Sinuously the Silk Road flows from ancient times down to the present. From China through the Taklamakan Desert to Samarkand at its centre, through the grassland steppe of Central Asia to the shores of the Mediterranean, it helped pioneer globalisation. Romantically we imagine spices, silks, perfumes and precious stones wending their way by camel between China and Europe. But what was the nature of this Road? Who and what travelled along it and in what direction? Was it just confined to goods? Or did ideas make the journey as well? How Broadband was this historical Silk Road? And how does it relate to its latter-day successor, the recent China development policy initiative, One Belt One Road (OBOR)?

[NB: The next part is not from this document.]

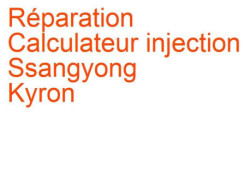 Calculateur injection Ssangyong Kyron (2006-2012)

Geographically, the Silk Road was certainly broadband. The original term for the Road coined by the late 19th century German explorer Ferdinand von Richthofen, "Seidenstraßen", was in the plural: "Silk Roads". So it is more accurate to think of a network fanning out in many directions, rather than a single route. It travelled through an astonishingly diverse range of landscapes; travelling westwards from Xi'an it traversed the Gansu corridor, before reaching the oasis town of Dunhuang. Further west travellers had to decide whether to circumnavigate the Taklamakan Desert to the north or south in the frontier lands of Xinjiang, before converging at Kashgar. The routes then split again, one reaching southwards over the Karakorum highway into present day Pakistan, others fanning out over the grasslands of Central Asia; Persia, Mesopotamia, Russia and onwards to the Mediterranean and Europe.

A wall painting from the Chinese Temple Shrine, Penang, Malaysia, showing one of the ships of Admiral Zheng He. In the 15th century, China became increasingly interested in the wider world, exploring the Indian Ocean and the coast of Africa
© RM Encyclopedia © Corbis

An ancient road

The Silk Road has been around for a long time: In the 3rd century BCE, Alexander the Great travelled along it from Greece as far as Samarkand, before turning southwards into India. In 138 BCE the Chinese Emperor Wudi of the Han Dynasty opened up the north west by sending the famous mission of Zhang Qian as far west as the Kingdom of Dayuan, beyond Kashgar. Sogdians and Chinese at either end of the eastern Silk Road exchanged numerous trade and diplomatic missions in the 6th century. At various times different peoples vied for supremacy over parts of the route: Tibetans from the south, Mongolians from the north, Chinese from the east and Arabs from the west sought influence in the 7th and 8th centuries. Genghis Khan waged an almost unstoppable programme of conquest, and emerged as the undisputed master of the Mongolian steppes by the early 13th century. Mongol influence caused disruptions as far west as Krakow in Poland, in Baghdad, and in the north of China and encouraged the growth of maritime trade before the age of the Portuguese seaborne empire. Some of these voyages are well known such as Admiral Zheng He's early 15th century exploration of the Indian Ocean and the coast of East Africa. The overland Silk Road fell into relative disuse after the Ottoman Empire boycotted trade with the West in 1453. By that time the maritime route pioneered by the Chinese, the Portuguese, and later the Dutch and the British was coming into ascendancy.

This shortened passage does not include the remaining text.